Assignment: Would you please repeat exactly the entries below, starting at the line with "So will this" and ending at the line with "Apollo 9 would", and nothing outside that range? Leave out the pictures.

Data shown:
——————
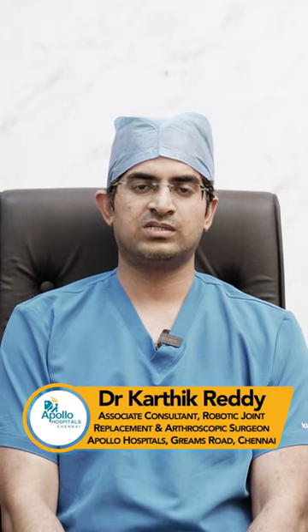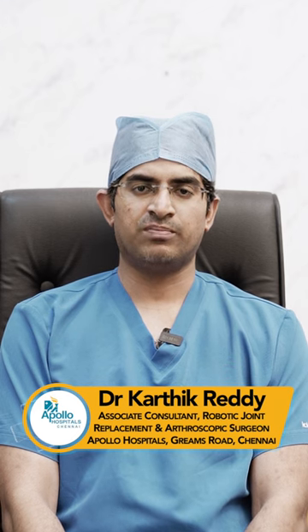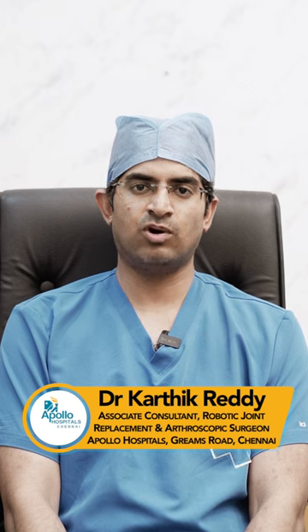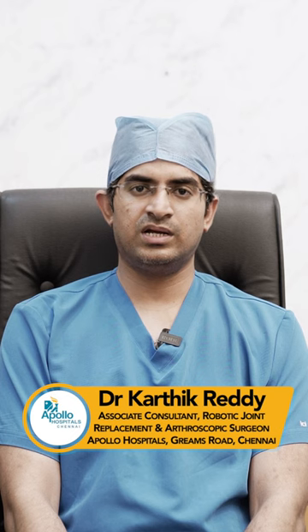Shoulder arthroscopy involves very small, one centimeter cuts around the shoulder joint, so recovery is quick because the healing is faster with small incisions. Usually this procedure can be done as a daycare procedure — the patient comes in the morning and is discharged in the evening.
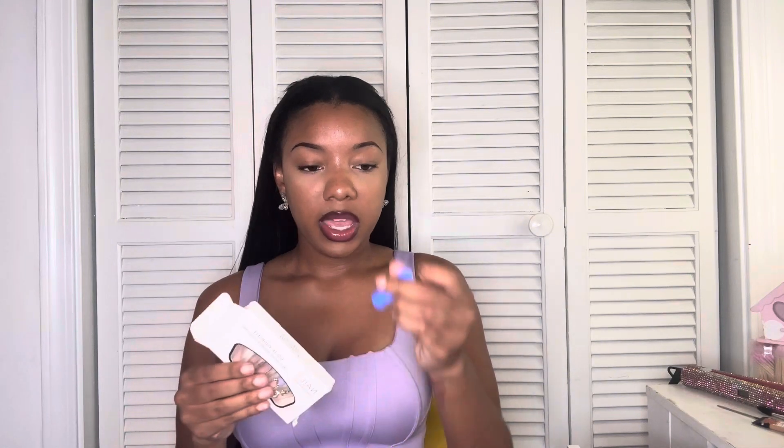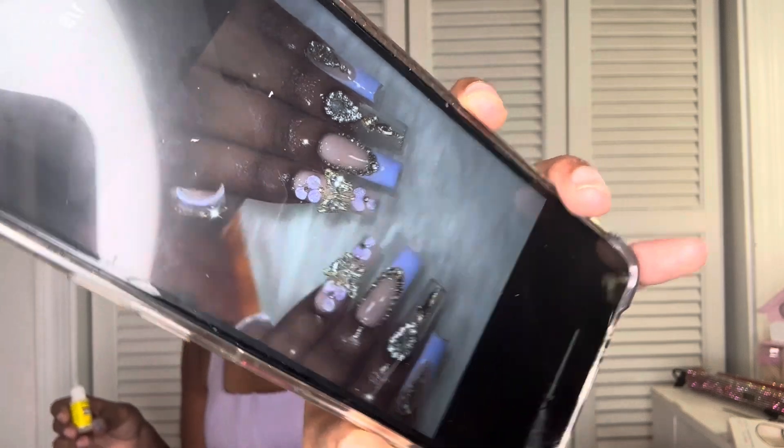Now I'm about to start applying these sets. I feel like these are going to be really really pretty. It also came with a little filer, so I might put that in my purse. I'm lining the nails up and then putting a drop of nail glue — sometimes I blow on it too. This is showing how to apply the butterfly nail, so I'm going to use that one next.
——————
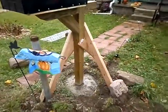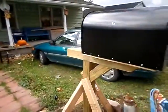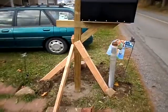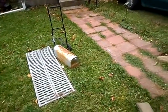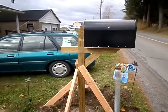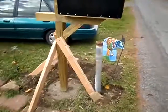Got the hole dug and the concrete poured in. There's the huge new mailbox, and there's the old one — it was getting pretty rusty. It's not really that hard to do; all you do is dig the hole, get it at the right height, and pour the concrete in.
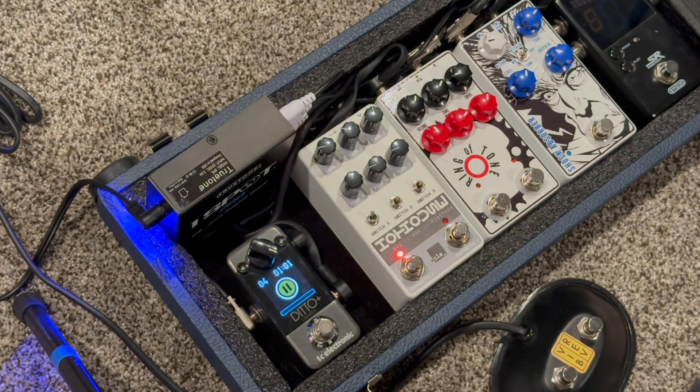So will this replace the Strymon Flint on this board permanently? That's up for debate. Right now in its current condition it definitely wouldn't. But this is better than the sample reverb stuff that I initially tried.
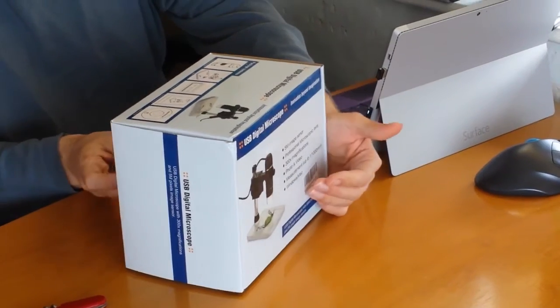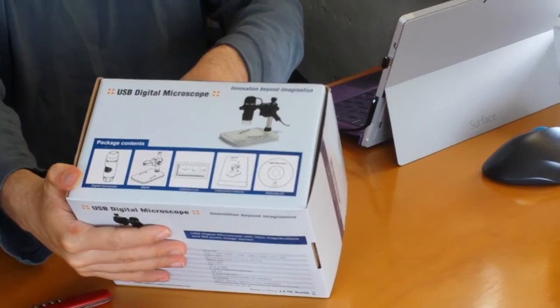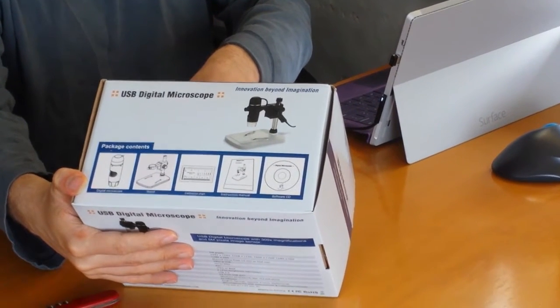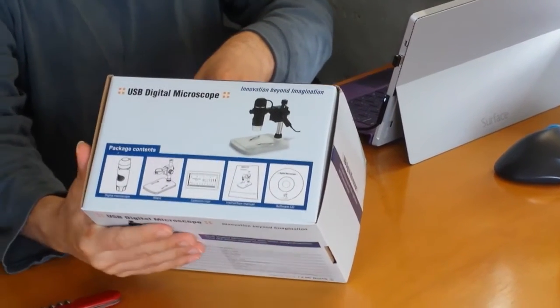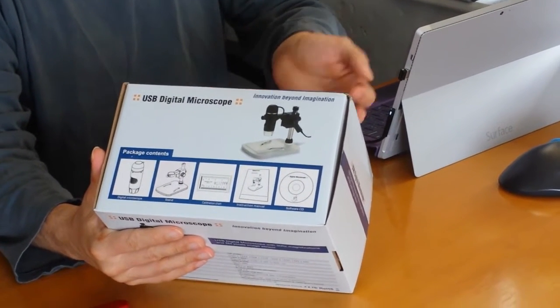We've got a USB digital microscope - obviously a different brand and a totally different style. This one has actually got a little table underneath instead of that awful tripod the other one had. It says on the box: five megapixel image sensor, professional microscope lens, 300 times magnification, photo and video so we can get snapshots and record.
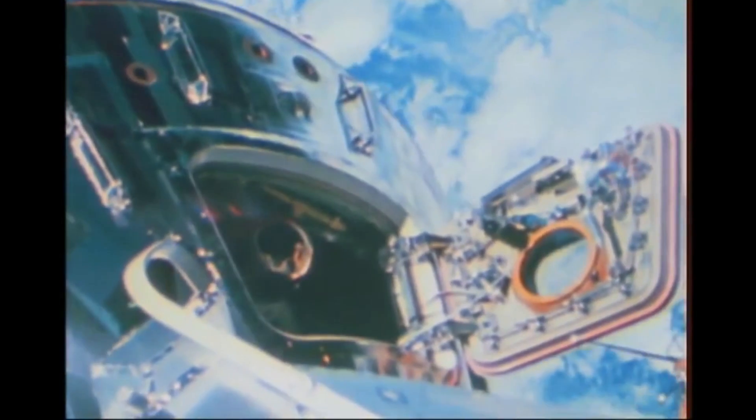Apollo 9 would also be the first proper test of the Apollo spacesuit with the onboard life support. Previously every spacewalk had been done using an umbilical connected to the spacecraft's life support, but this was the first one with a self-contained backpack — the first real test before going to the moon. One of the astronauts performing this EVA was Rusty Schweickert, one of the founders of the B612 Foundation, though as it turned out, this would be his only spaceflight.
——————
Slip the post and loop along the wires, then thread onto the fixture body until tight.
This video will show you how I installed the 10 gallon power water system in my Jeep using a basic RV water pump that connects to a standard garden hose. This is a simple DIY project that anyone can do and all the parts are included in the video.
——————
Exercise output:
So will this replace the Strymon Flint on this board permanently? That's up for debate. Right now in its current condition it definitely wouldn't. But this is better than the sample reverb stuff that I initially tried.
We've got a USB digital microscope - obviously a different brand and a totally different style. This one has actually got a little table underneath instead of that awful tripod the other one had. It says on the box: five megapixel image sensor, professional microscope lens, 300 times magnification, photo and video so we can get snapshots and record.
Apollo 9 would also be the first proper test of the Apollo spacesuit with the onboard life support. Previously every spacewalk had been done using an umbilical connected to the spacecraft's life support, but this was the first one with a self-contained backpack — the first real test before going to the moon. One of the astronauts performing this EVA was Rusty Schweickert, one of the founders of the B612 Foundation, though as it turned out, this would be his only spaceflight.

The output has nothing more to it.